X_train, X_test, y_train, y_test = train_test_split(X, y, test_size=0.3, random_state=42)
clf = DecisionTreeClassifier(criterion='gini', random_state=42)
clf.fit(X_train, y_train)

accuracy = accuracy_score(y_test, clf.predict(X_test))
print("Accuracy:", accuracy)
print("Feature Importances:", clf.feature_importances_)

### Question 7

In [None]:
clf_full = DecisionTreeClassifier(random_state=42)
clf_full.fit(X_train, y_train)
acc_full = accuracy_score(y_test, clf_full.predict(X_test))

clf_depth3 = DecisionTreeClassifier(max_depth=3, random_state=42)
clf_depth3.fit(X_train, y_train)
acc_depth3 = accuracy_score(y_test, clf_depth3.predict(X_test))

print("Full Tree Accuracy:", acc_full)
print("Max Depth=3 Accuracy:", acc_depth3)

### Question 8

In [None]:
from sklearn.datasets import fetch_california_housing
from sklearn.tree import DecisionTreeRegressor
from sklearn.metrics import mean_squared_error

data = fetch_california_housing()
X, y = data.data, data.target

X_train, X_test, y_train, y_test = train_test_split(X, y, test_size=0.3, random_state=42)
reg = DecisionTreeRegressor(random_state=42)
reg.fit(X_train, y_train)

mse = mean_squared_error(y_test, reg.predict(X_test))
print("MSE:", mse)
print("Feature Importances:", reg.feature_importances_)

### Question 9

In [None]:
from sklearn.model_selection import GridSearchCV

params = {
    'max_depth': [2, 3, 4, 5, None],
    'min_samples_split': [2, 4, 6]
}
grid = GridSearchCV(DecisionTreeClassifier(random_state=42), params, cv=5)
grid.fit(X_train, y_train)

print("Best Parameters:", grid.best_params_)
print("Best Score:", grid.best_score_)

### Question 10

Step-by-step process:

1. Handle Missing Values:
   - Use imputation (mean, median, mode) or model-based methods.
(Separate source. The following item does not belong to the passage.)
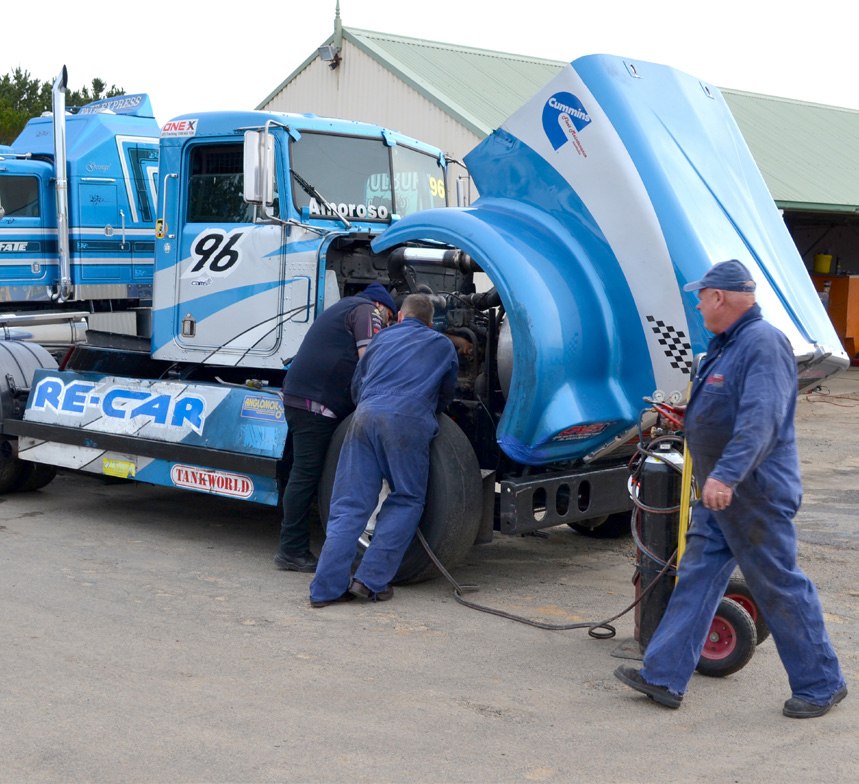 Get Your Motor Going: truck racing at Wakefield Park — original archive photograph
2. Encode Categorical Features:
   - Use Label Encoding or One-Hot Encoding.

3. Train Decision Tree Model:
   - Use scikit-learn’s DecisionTreeClassifier.

4. Hyperparameter Tuning:
   - Use GridSearchCV to tune parameters like max_depth, min_samples_split.

5. Evaluate Performance:
   - Use metrics like accuracy, precision, recall, F1-score, confusion matrix.

Business Value:
This model can help in early diagnosis, reduce human error, and optimize resources, potentially saving costs and improving patient outcomes.